Net earnings rose 6.2 percent to $393 million, or 60 cents a share, from $370 million, or 55 cents a share, in the year-ago quarter.
Adjusted earnings of 64 cents was below the 68-cent average forecast for analysts surveyed by Thomson Reuters I/B/E/S.
Morningstar analyst Michael Corty called the overall results "pretty strong," despite falling shy of analysts' earnings-per-share estimates. "The business has a lot of momentum," he said. "As long as the ad market stays strong, which it appears to be, CBS should continue to do well."
CBS also announced plans to repurchase an additional $1 billion of its Class B common stock in 2013, a near doubling of its earlier buyback commitment.
Chief Executive Leslie Moonves said record advertising sales ahead of the U.S. presidential election in November helped lift overall revenue 2 percent, to $3.6 billion. Subscription and affiliate fees at cable networks that include the CBS Sports Network and Showtime premium channel also climbed.
Content licensing and distribution revenue fell 7 percent from a year earlier, primarily due to the timing of payments for online streaming of CBS shows, the company said. In the prior year, CBS recorded revenue from the initial streaming sale of programming from The CW network.
Those numbers will improve in the months ahead, Moonves said as demand for its online content increases. CBS recently signed deals with Amazon.com Inc, and Moonves said the company was in talks with online programmer Hulu and chipmaker Intel Corp, which aims to start a TV service.
"There is fierce competition out there for all our content," Moonves told analysts on a conference call. "The marketplace continues to develop with more and more players all wanting what we produce."
Sales of its TV shows and movies to online distributors will continue CBS's diversification from an advertising-led business model, Moonves said, predicting that company would reduce its reliance on ad revenue from about 70 percent a few years ago to just over 50 percent.
Yearly revenue from streaming contracts brings in "hundreds of millions of dollars," Chief Financial Officer Joe Ianniello said. "We haven't cracked $1 billion per year yet, but we are well on our way," he said.
CBS is the highest-rated U.S. broadcast network in overall viewers with its stable of hits such as "The Big Bang Theory" and "NCIS." The company also operates cable networks, the publishing house Simon & Schuster, and radio stations.

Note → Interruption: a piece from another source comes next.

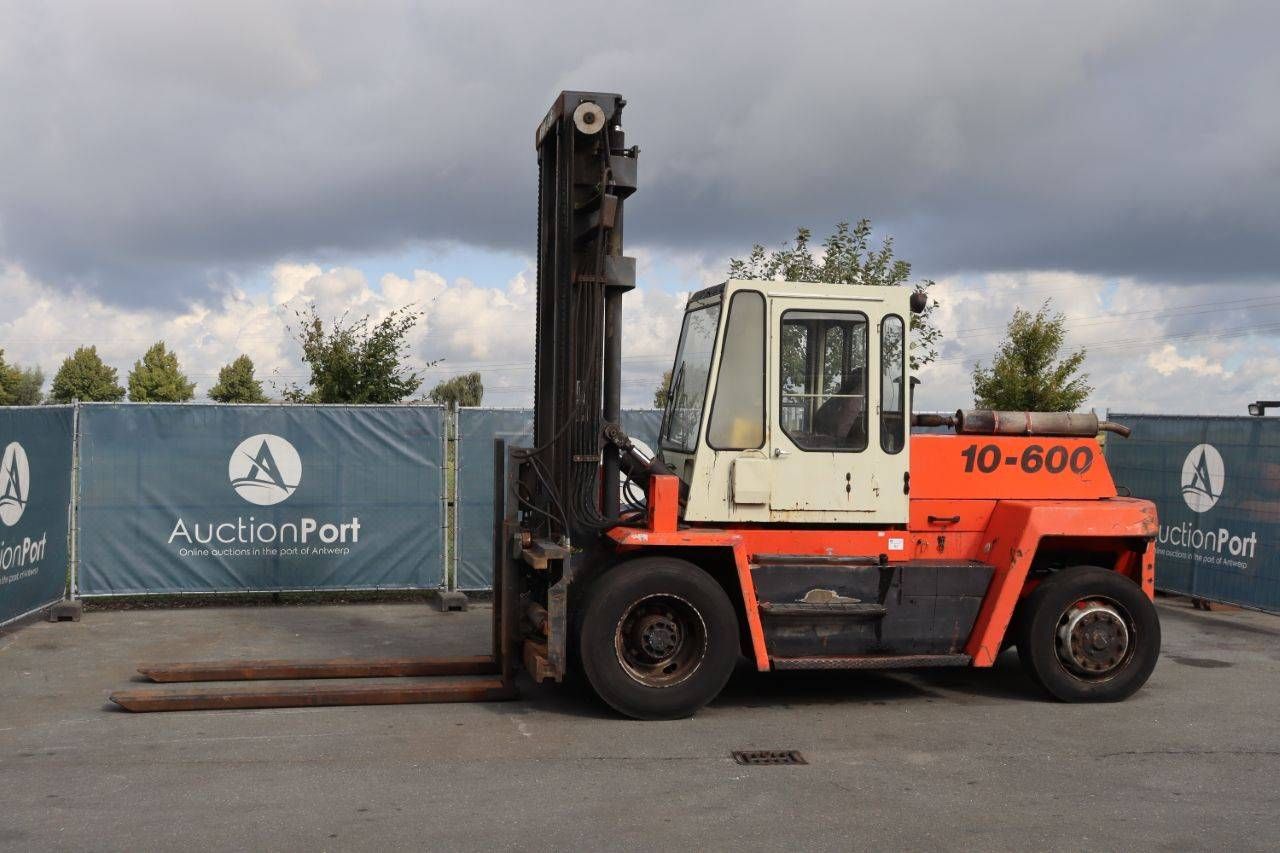 Forklift Kalmar DC10-600 Diesel 10000kg 5m 1988
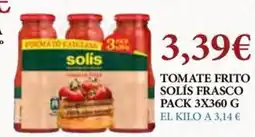 Claudio Tomate frito solís frasco oferta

Revenue at the publishing unit declined 6 percent to $215 million as print book sales declined, CBS said.
Earlier on Thursday, CBS said it took a minority stake in AXS TV, a live events network that is a joint venture between billionaire Mark Cuban, AEG, Creative Artists Agency and Ryan Seacrest Media. CBS will provide promotion and content for the channel, now in 38 million homes.
Like most other broadcasters, CBS saw primetime ratings slip during the fall TV season compared with a year earlier. Only Comcast Corp's NBC gained viewers during that time. CBS ratings have rebounded this quarter, helped by the Super Bowl and Grammy awards broadcasts.
Moonves said CBS was on track to be the only network to finish the season with gains in every demographic category, providing a strong position going into the big "upfront" ad selling season in the spring.
Ad demand after the election in the "scatter" market "was the strongest we had seen in all of 2012," Moonves said. Scatter pricing during the first quarter is up by percentages "in the teens," Ianniello said.
CBS shares fell 0.8 percent to $42.60 in after-hours trading, down from their close at $42.94 on the New York Stock Exchange.